Dataset excerpts:
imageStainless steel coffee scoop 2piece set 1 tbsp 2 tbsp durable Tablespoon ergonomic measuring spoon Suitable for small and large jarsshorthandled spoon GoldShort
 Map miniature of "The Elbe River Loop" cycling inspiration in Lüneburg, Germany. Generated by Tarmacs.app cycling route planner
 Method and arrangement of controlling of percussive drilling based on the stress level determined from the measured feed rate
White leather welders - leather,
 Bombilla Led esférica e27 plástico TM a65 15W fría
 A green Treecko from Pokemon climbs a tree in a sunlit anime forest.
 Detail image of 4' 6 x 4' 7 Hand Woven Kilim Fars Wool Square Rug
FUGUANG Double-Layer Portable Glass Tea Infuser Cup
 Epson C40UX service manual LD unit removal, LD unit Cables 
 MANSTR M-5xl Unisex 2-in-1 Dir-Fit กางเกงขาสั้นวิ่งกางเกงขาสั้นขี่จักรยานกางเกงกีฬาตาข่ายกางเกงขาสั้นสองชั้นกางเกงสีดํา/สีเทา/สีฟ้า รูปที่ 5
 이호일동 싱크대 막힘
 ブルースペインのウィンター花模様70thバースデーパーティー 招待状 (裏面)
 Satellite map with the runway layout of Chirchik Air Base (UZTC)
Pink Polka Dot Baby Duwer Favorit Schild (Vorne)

Work task: Would you please repeat the entire listing, line for line?

Task answer:
imageStainless steel coffee scoop 2piece set 1 tbsp 2 tbsp durable Tablespoon ergonomic measuring spoon Suitable for small and large jarsshorthandled spoon GoldShort
 Map miniature of "The Elbe River Loop" cycling inspiration in Lüneburg, Germany. Generated by Tarmacs.app cycling route planner
 Method and arrangement of controlling of percussive drilling based on the stress level determined from the measured feed rate
White leather welders - leather,
 Bombilla Led esférica e27 plástico TM a65 15W fría
 A green Treecko from Pokemon climbs a tree in a sunlit anime forest.
 Detail image of 4' 6 x 4' 7 Hand Woven Kilim Fars Wool Square Rug
FUGUANG Double-Layer Portable Glass Tea Infuser Cup
 Epson C40UX service manual LD unit removal, LD unit Cables 
 MANSTR M-5xl Unisex 2-in-1 Dir-Fit กางเกงขาสั้นวิ่งกางเกงขาสั้นขี่จักรยานกางเกงกีฬาตาข่ายกางเกงขาสั้นสองชั้นกางเกงสีดํา/สีเทา/สีฟ้า รูปที่ 5
 이호일동 싱크대 막힘
 ブルースペインのウィンター花模様70thバースデーパーティー 招待状 (裏面)
 Satellite map with the runway layout of Chirchik Air Base (UZTC)
Pink Polka Dot Baby Duwer Favorit Schild (Vorne)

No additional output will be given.